The solution Jesus’ offers in the parable is simple: “‘Let both grow together until the harvest; and at harvest time I will tell the reapers, Gather the weeds first and bind them in bundles to be burned, but gather the wheat into my barn.'" (Matthew 13:30)
The prophets of doom for our time suggest a new world order, the collapse of the dollar, the environmental demise of earth, a civil war for the USA, and so forth. Since the lack of righteous men does not appear on their particular agenda, we might reasonably assume that the affairs of men are utmost in their minds. In that context it is apparent that the evil and the good are understood to live side by side, much as it has always been.
One would suppose that we must just live, as did the wheat, accompanied by the wicked, or the weeds. That’s not entirely the case. God may choose to let wheat and weeds flourish together, but it’s not because he’s indifferent to the problem. Rather, it’s because the victory of his Son, the victory over sin and death, has changed the precepts by which the world is governed. A new King has established his throne and the law has reverted to it’s ancient fundamental instruction: love God, love your neighbor.
The weeds are indeed present, but they are not there for us to ignore. While God may allow weeds and wheat to grow side by side, that is not his intention for us. We are here to assist in the transformation of the world. Recall the ultimate outcome as described by Paul.

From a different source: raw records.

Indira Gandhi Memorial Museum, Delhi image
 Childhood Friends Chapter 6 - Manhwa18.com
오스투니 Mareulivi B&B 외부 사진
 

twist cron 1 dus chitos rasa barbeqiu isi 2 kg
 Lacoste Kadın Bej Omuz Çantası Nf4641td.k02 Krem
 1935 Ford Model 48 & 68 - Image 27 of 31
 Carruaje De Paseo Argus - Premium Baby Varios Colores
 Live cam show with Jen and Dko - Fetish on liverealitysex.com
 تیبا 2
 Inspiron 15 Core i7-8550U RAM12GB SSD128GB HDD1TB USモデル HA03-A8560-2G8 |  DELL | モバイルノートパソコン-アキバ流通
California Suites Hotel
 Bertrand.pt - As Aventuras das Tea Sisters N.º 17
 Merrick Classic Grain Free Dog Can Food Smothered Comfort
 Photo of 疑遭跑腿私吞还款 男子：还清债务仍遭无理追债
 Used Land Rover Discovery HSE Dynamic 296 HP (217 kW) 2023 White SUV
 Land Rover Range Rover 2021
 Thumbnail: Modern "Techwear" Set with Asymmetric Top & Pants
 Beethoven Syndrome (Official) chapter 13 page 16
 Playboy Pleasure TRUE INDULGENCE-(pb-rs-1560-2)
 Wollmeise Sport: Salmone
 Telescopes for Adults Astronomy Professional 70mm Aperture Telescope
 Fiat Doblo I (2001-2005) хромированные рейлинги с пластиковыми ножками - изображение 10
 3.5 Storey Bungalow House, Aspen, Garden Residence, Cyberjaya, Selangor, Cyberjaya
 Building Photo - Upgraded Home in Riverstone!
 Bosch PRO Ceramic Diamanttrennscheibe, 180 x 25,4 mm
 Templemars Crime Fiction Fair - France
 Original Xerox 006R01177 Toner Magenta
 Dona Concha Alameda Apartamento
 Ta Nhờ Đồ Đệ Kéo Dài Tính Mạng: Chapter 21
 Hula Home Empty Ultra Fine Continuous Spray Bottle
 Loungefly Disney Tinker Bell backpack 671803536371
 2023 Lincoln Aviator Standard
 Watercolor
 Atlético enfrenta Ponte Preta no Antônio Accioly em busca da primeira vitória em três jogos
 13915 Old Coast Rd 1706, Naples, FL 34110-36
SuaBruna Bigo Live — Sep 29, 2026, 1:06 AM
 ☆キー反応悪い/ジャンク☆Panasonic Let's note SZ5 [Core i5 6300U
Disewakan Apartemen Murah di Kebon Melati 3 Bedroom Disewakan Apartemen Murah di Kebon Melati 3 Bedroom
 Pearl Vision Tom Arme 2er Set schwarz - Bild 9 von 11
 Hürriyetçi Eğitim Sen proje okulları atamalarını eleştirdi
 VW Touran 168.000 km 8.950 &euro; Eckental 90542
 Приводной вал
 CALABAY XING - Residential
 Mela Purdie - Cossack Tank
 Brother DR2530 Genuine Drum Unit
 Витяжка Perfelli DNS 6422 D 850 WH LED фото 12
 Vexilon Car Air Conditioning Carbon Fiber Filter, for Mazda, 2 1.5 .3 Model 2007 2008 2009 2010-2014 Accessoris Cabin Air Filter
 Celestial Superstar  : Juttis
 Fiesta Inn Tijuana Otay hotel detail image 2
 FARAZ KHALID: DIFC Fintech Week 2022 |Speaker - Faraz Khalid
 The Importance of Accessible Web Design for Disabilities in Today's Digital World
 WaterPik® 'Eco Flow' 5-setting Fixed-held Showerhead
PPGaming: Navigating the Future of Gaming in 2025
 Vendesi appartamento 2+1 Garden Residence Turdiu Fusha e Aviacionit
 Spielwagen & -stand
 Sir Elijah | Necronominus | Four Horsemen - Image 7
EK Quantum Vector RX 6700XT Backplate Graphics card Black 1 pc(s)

“For in him all the fulness of God was pleased to dwell, and through him to reconcile to himself all things, whether on earth or in heaven, making peace by the blood of his cross.” (Colossians 1:19-20)
We can be part of that reconciliation between God and man, changing weeds to wheat. Or . . . We can just let the weeds grow. In the latter case the harvest will be more disruptive, more difficult, more painful for all and we will probably find it harder to deal with the collateral damage.